Facebook to Open New Division to Build the Future of Social VR

Posted by in categories: mobile phones, virtual reality

Ever since Facebook purchased Oculus in 2014, Mark Zuckerberg has been speaking to promise of virtual reality as the next communications platform. Yesterday at the Mobile World Congress in Barcelona he punctuated those thoughts with a big announcement – the creation of an internal team dedicated to Social VR.

Led by Daniel James and Mike Booth, the team will work closely with Oculus as well as other divisions within Facebook to explore and build the future of social interaction in VR, the company says.

Facebook describes their work in VR as “still early” but Oculus has been working to lay the groundwork themselves with experiences like Toybox and an upcoming social SDK that will allow developers to easily implement key multiplayer and networking features into their experiences.

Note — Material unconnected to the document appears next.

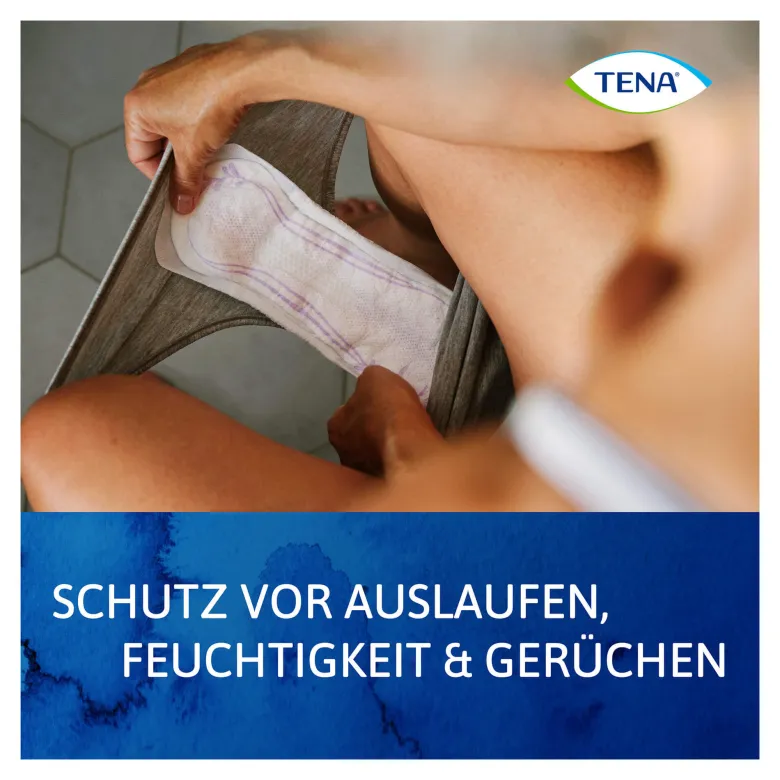 Tena Lady Discreet Extra Inkontinenz-Einlagen, 20 St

In fact, Oculus’ dedication to Social VR is “the reason why [they’re] part of Facebook,” Oculus founder Palmer Luckey told us earlier this year.

Still the idea of a metaverse – a giant interconnected world like the ones in Snow Crash or Ready Player One – is something far off.

“It’s not happening in the immediate future,” Luckey said, “we’d much rather work and get this right over a longer period of time than rush into it at the start and be constrained by the design decisions that we make.” He says that it will take VR reaching a “critical mass” for there to be enough data to know how best to design how the future of social interaction will look.

While it may take a while for VR to reach that critical mass Samsung’s announcement that they plan to bundle a GearVR with every Galaxy S7 or S7 Edge preorder could potentially accelerate the process. Last year Samsung reportedly received over 20 million preorders for the Galaxy S6 and S6 Edge and while Samsung says the GearVR giveaway is “while supplies last” if they give away even a tenth of that it would significantly accelerate the growth of VR’s user base, which in turn could accelerate the growth and need for social VR.